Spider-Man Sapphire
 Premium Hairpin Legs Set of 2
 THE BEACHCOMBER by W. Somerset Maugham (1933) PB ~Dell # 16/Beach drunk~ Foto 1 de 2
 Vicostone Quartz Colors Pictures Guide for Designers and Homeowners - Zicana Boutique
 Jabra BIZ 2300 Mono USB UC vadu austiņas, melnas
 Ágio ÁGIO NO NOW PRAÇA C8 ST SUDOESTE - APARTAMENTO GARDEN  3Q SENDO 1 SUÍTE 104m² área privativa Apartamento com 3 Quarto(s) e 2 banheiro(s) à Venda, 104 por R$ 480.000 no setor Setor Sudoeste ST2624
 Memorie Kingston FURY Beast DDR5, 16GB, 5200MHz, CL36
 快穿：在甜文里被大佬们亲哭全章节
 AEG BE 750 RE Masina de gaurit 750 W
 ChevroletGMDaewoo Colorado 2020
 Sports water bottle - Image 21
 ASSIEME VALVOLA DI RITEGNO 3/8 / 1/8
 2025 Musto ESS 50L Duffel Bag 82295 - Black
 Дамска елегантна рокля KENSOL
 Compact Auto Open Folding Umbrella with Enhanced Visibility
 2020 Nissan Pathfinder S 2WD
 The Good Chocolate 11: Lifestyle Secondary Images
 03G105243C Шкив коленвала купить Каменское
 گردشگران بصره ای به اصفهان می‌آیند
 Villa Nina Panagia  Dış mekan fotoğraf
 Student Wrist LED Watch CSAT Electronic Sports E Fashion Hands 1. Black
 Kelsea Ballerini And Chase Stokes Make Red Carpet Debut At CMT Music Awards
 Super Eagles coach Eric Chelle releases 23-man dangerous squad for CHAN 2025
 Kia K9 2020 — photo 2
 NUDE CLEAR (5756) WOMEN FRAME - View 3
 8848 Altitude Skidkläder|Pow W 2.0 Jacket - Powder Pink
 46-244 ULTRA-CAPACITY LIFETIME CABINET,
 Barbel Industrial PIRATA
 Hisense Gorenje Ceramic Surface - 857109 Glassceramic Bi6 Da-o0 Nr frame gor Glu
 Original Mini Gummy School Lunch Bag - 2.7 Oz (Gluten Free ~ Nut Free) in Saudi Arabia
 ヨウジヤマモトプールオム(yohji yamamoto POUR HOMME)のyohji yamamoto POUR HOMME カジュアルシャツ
====
> [WHAT IS REQUIRED]: Return every line above in which the string "Black" occurs.

> [YOUR SOLUTION]:
 2025 Musto ESS 50L Duffel Bag 82295 - Black
 Student Wrist LED Watch CSAT Electronic Sports E Fashion Hands 1. Black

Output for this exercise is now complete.